Hmm... That's diff from the formula they say...

like how did they get the answers to the question I posted above?

Construct that delightful matrix. I get [3/7,-2/3]^T
Find \(A^{t}\cdot A\), first.

The one I posted, or their example?

I didn't look at the piosted example. Let's go with your original problem statement.

kk

so we have \[\left[\begin{matrix}2 & -2 \\ 1 & 1 \\ 3 & 1\end{matrix}\right]\]

That's "A".

yup now to find A^t

Which we hope is trivial, except for the type-setting. :-)
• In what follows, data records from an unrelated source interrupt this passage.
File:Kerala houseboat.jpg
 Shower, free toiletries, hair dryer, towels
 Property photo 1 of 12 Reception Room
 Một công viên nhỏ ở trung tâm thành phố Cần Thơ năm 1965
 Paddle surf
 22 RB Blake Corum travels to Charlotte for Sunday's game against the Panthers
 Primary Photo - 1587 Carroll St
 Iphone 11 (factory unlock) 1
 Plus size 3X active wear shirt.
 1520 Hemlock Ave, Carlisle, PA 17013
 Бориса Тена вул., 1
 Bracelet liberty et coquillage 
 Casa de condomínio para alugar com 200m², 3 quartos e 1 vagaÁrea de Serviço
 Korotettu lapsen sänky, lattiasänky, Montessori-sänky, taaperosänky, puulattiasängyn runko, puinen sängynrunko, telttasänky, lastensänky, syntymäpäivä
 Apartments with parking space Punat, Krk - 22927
A^T should be \[\left[\begin{matrix}2 & 1 & 3 \\ -2 & 1 & 1 \end{matrix}\right]\]

Multiply away and you will be pleasantly surprised at the result.

\[\left[\begin{matrix}14 & 0 \\ 0 & 6\end{matrix}\right]\] is what I got.

Perfect. Now the inverse of that.

The book doesn't do that but okay.

Positive and Diagonal - Definitely NonSingular!

\[\left[\begin{matrix}6 & 0 \\ 0 & 14 \end{matrix}\right]\]

Close! Divide by 84.

I forgot the 1/(ad- bc)

Remember that \(A\cdot A^{-1} = I\)

Yes, that's all you left off. Good work.

1/(16 * 4) - (0 * 0)

= 1/64

84

woop sI did 4 not 6 :p

and 16 not 14 lol...

yeah 1/84

so we don't have to take the inverse, do we?

ahahah Yes, \(16*4 \ne 14*6\)

You did already find the inverse. It is 1/84 times the 6,14 diagonal matrix.

yeah but since the book doesn't, do we have to?

hmmm... Konfused... but if you say so ;P.

You started with Ax = b
We added the transpose: \(A^{t}\cdot A\cdot x = A^{t}\cdot b\)

mhm.

\[\left[\begin{matrix}\frac{1}{14} & 0 \\ 0 & \frac{1}{6}\end{matrix}\right]\]

seems like we are just adding it in :P

shall I solve for A^T B?

and solving the first portion yeilds the identity matrix.

I think I'm understanding where this is going... Instead of having to row reduce....

lke a billion times easier :P

I think I've been doing it the hard way :p

\[\left(\begin{matrix}6 \\ -4\end{matrix}\right)\]

A^Tb

that * the inverse = \[\left(\begin{matrix}\frac{3}{7} \\ \frac{-2}{3}\end{matrix}\right)\]

so x1 = 3/7 and x2 = -2/3???

or am I supposed to solve for that now?!

That's it.

This book really SUCKS..... Sometimes it's okay....

Well, good luck with THAT (the book and author, that is)! (laughing)